**What the exercise asks**.
Could you copy every line in the listing below that has the word "Dyed"?

**The records**.
BEGIN
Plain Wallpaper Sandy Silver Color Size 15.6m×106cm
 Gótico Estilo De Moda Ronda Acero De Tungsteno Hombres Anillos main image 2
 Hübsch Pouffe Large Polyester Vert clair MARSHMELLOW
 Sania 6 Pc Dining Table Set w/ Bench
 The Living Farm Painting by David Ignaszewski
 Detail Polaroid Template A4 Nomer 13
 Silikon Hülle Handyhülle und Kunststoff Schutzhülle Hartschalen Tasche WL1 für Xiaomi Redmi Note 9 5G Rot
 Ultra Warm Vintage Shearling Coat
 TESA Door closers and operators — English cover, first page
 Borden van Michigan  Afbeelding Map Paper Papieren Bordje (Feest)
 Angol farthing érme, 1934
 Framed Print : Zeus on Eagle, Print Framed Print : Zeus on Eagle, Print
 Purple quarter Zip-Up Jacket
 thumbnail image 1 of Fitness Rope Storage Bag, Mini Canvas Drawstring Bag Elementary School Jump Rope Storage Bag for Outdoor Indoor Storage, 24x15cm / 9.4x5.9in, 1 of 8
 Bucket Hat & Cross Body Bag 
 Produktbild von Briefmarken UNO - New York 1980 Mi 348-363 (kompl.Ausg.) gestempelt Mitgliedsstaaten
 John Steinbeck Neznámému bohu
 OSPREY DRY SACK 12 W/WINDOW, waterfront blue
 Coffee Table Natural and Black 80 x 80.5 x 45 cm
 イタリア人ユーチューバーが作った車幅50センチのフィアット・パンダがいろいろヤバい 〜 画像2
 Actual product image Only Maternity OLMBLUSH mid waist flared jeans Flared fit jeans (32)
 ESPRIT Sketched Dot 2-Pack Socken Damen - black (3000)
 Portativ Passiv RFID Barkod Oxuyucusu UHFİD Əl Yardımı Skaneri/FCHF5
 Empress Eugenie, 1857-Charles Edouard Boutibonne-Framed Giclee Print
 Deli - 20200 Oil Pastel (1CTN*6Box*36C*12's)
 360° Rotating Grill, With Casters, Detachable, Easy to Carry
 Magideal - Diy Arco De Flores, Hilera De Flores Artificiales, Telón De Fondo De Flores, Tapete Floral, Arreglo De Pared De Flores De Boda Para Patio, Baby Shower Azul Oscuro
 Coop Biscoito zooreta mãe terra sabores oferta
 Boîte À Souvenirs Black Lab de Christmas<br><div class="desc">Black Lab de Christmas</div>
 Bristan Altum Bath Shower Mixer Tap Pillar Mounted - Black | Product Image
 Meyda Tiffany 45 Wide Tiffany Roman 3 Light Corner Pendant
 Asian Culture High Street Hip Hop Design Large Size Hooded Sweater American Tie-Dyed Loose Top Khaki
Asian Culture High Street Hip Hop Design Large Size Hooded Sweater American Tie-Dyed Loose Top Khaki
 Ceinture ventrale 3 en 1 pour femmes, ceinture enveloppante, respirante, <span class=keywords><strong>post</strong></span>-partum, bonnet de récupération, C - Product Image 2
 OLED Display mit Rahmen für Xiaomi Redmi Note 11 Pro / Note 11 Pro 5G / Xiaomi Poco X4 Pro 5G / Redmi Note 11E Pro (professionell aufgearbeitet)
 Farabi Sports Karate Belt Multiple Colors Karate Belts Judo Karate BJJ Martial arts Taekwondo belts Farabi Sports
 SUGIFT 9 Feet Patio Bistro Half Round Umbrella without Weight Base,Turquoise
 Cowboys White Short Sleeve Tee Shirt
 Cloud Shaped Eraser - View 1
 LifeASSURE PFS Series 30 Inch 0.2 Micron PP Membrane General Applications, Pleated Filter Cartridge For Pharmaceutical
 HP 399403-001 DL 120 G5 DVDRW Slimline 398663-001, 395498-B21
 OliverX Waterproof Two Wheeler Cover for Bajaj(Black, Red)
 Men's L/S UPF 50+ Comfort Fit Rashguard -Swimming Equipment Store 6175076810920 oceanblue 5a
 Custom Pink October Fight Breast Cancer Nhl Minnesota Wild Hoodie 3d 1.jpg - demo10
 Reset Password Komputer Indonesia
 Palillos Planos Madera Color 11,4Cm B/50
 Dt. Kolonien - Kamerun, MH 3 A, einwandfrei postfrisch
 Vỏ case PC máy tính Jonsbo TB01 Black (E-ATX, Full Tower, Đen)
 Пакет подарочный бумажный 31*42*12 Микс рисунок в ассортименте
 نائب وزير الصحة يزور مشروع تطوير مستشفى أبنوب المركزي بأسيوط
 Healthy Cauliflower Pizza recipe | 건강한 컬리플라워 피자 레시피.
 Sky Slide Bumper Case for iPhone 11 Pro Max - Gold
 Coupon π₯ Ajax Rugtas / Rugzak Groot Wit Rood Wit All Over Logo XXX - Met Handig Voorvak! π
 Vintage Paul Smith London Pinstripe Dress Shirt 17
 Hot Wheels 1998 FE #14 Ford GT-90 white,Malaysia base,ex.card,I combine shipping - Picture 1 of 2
END
**Final answer**.
 Asian Culture High Street Hip Hop Design Large Size Hooded Sweater American Tie-Dyed Loose Top Khaki
Asian Culture High Street Hip Hop Design Large Size Hooded Sweater American Tie-Dyed Loose Top Khaki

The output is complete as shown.